* _EXERCISE REQUIREMENTS_:
Only the lines from the one containing "We can reverse" through the final line below belong in the output, copied exactly and without pictures.

* _SUPPLIED MATERIAL_:
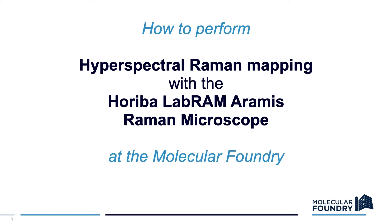In this video, you'll learn how to acquire a hyperspectral Raman map using the Hariba Labram Aramis Raman microscope at the Molecular Foundry, Lawrence Berkeley National Lab.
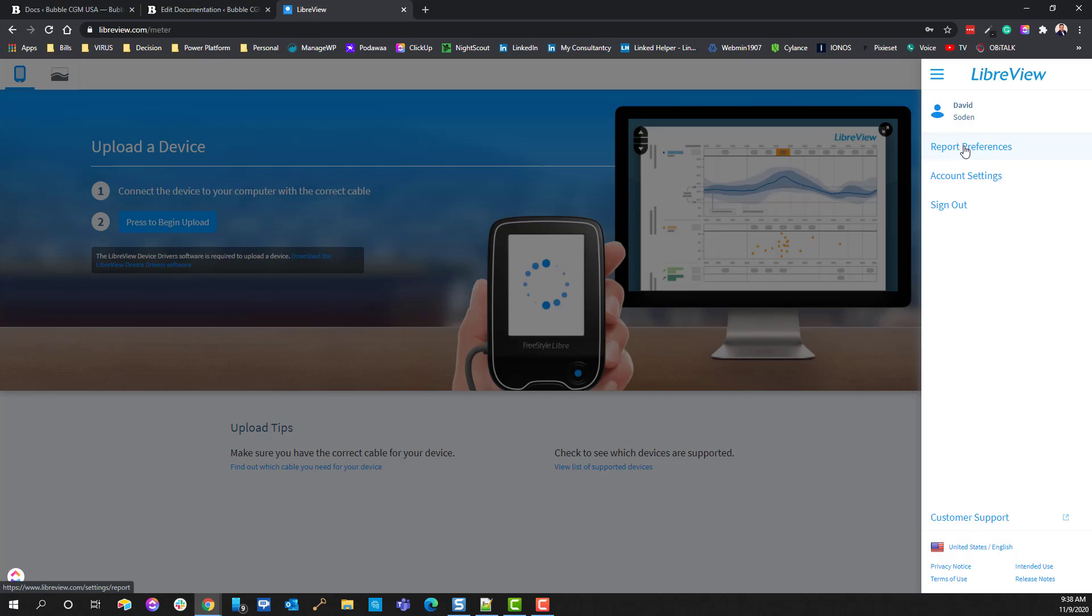So as of today's date, 11-9-2020, this is how the LibreView web-based software is.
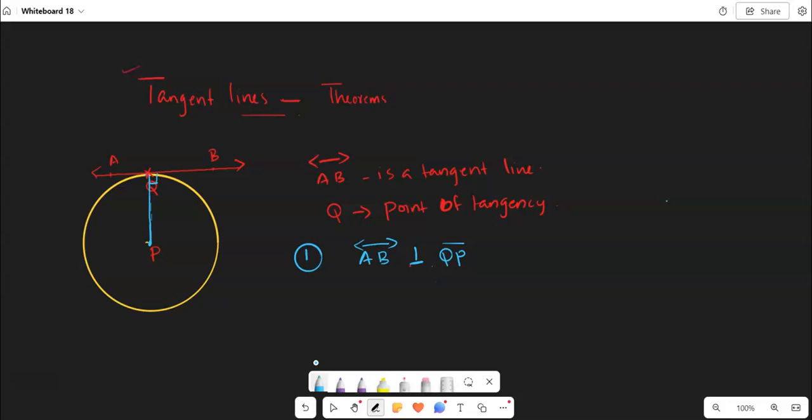We can reverse this theorem like this. If the line in the plane of the circle is perpendicular to the radius, then we can say that this line is a tangent line. First we assume that AB is a tangent line and concluded that QP will be perpendicular. In converse, we are saying that if this line in the plane of the circle is perpendicular to the radius, then that line is a tangent line.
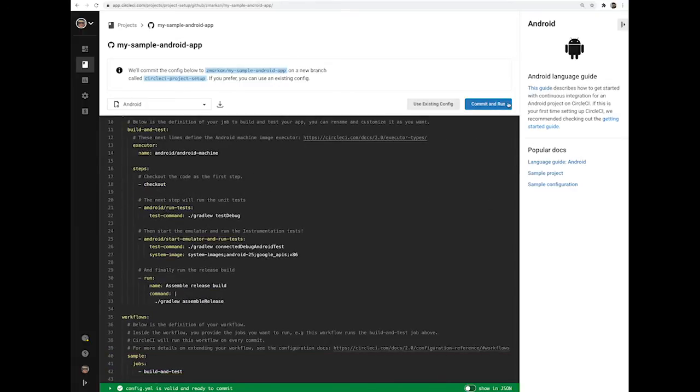Click Commit and Run which will create a new CircleCI project setup branch with that config and build that on CircleCI.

* _ANSWER SPACE_:
We can reverse this theorem like this. If the line in the plane of the circle is perpendicular to the radius, then we can say that this line is a tangent line. First we assume that AB is a tangent line and concluded that QP will be perpendicular. In converse, we are saying that if this line in the plane of the circle is perpendicular to the radius, then that line is a tangent line.
Click Commit and Run which will create a new CircleCI project setup branch with that config and build that on CircleCI.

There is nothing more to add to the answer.